1921 年中国共产党的成立让这种潜在的机遇变为现实,中国的道路开始发生质的变化。“十月革命帮助了全世界的也帮助了中国的先进分子,用无产阶级的宇宙观作为观察国家命运的工具,重新考虑自己的问题。走俄国人的路——这就是结论。”[3]1471从此中国革命由旧民主主义革命一跃而转型为新民主主义革命。“两个必然”的世界历史道路在中国境遇中获得了新的表达,让之前从来未受重视的所有无产者和广大劳动者走向历史的前台并主宰国家命运,让一个受压迫、受剥削的中国看到新的未来。当新中国在东方崛起的时候,站立起来的中国人民内心充满了前所未有的自豪感。正如莫里斯·梅斯纳所言:“1949 年10 月1 日在中国和世界历史上都是一个具有象征意义的重要日子。如果说革命涉及的是让一个新社会出现、对一种政治制度给以强有力的摧毁的话,那么,中国共产党人在10 月1 日所庆祝的革命,其意义不亚于1789 年法国大革命和1917 年俄国十月革命。”[4]3中国共产党领导人民进行的新民主主义革命,打倒了帝国主义、封建主义和官僚资本主义,建立了一个和历代王朝不同的社会主义新中国,正是基于马克思主义对世界历史必然走向的科学判断。
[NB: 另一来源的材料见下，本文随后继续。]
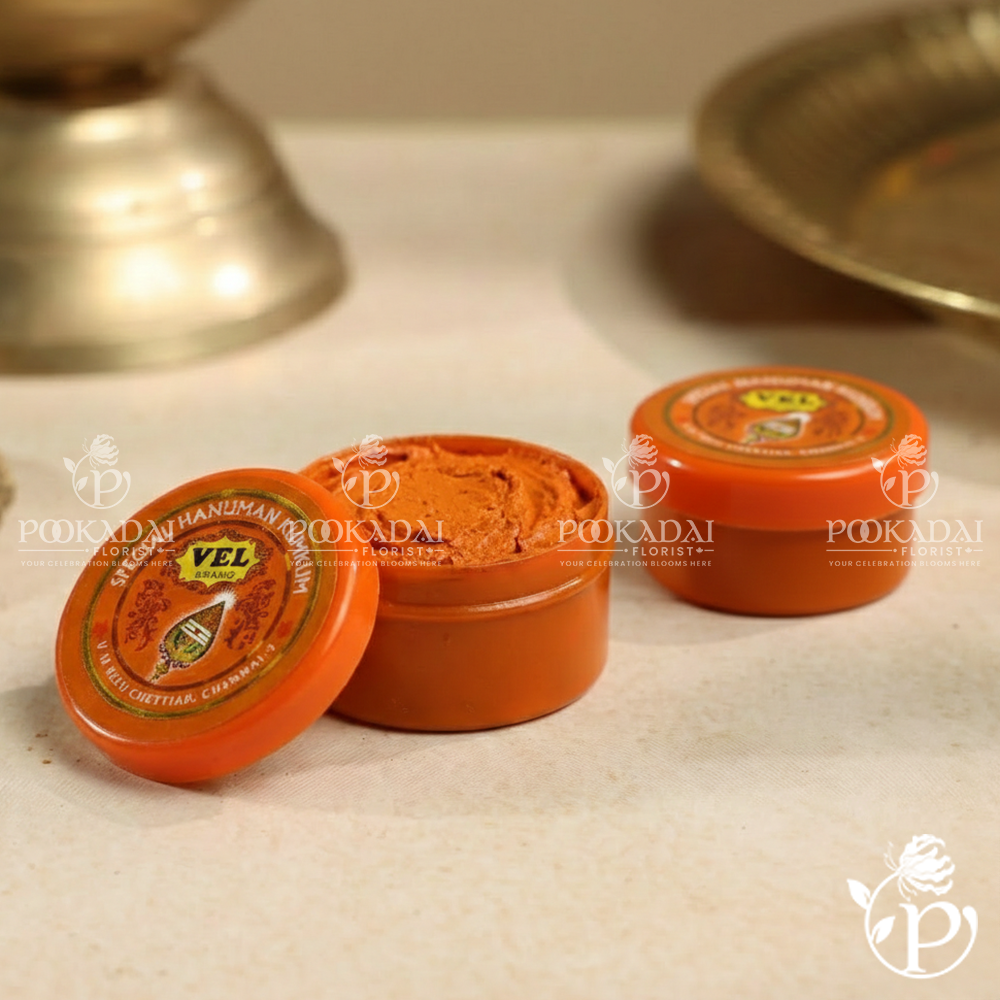 6_04a1fdbc-e7d0-4c38-a123-df6fc87d62af.png Vel Brand Hanuman Kumkum Paste - Senthuram - 5g - Image 1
2.2 占据道义制高点的马克思主义为文化自信提供了价值基础

“西方中心论”者宣称资本主义是人类社会最美好的制度,把资本主义自由、民主、平等、人权等宣扬为“普世价值”,搞“价值观外交”,拼凑“价值观同盟”。马克思主义揭穿了资本主义自由、民主和人权的虚伪性,给人们提供了批判资本主义文化并超越其阶级局限性的理论武器。资本与劳动力的交换看似是平等、自由的,但这只是表面现象,在商品的生产领域,原来的货币所有者成了资本家,雇佣劳动者只能出卖劳动力,“一个笑容满面,雄心勃勃,一个战战兢兢,畏缩不前,像在市场上出卖了自己的皮一样,只有一个前途——让人家来鞣”[5]200。这种建立在生产资料私有制基础上的民主实际上沦为了保护私有财产的工具。

在文化领域同样如此,资产阶级文化的阶级属性决定了它只是为资产阶级利益服务,将现实的人异化为冰冷的“物”的工具。“只有站在超越资本主义的历史高度,资本创造财富的历史光环才会消退,批判资本主义的道德高地才能真正构建。”[6]马克思主义作为超越资本主义的先进文化形态,从诞生始就以解放全人类为目标,以实现每个人的自由全面发展为旨趣,反映了先进生产力和进步阶级的历史要求。马克思主义矢志不移地追求社会的公平正义,将每个人的自由全面发展写在了自己的旗帜上,只要这个世界上还存在着剥削和压迫,它就始终是无产阶级追求解放的一面旗帜。正如列宁所说:“只有马克思主义的世界观才正确地反映了革命无产阶级的利益、观点和文化”,按照马克思主义指明的方向,“才能认为是发展真正无产阶级的文化”[7]299。文化自信的核心是价值观自信,社会主义核心价值观的灵魂就是马克思主义,凝聚着中华民族最核心的精神品质,是当代中国最广泛、最深厚的价值基础,也是当代中国文化自信的源泉。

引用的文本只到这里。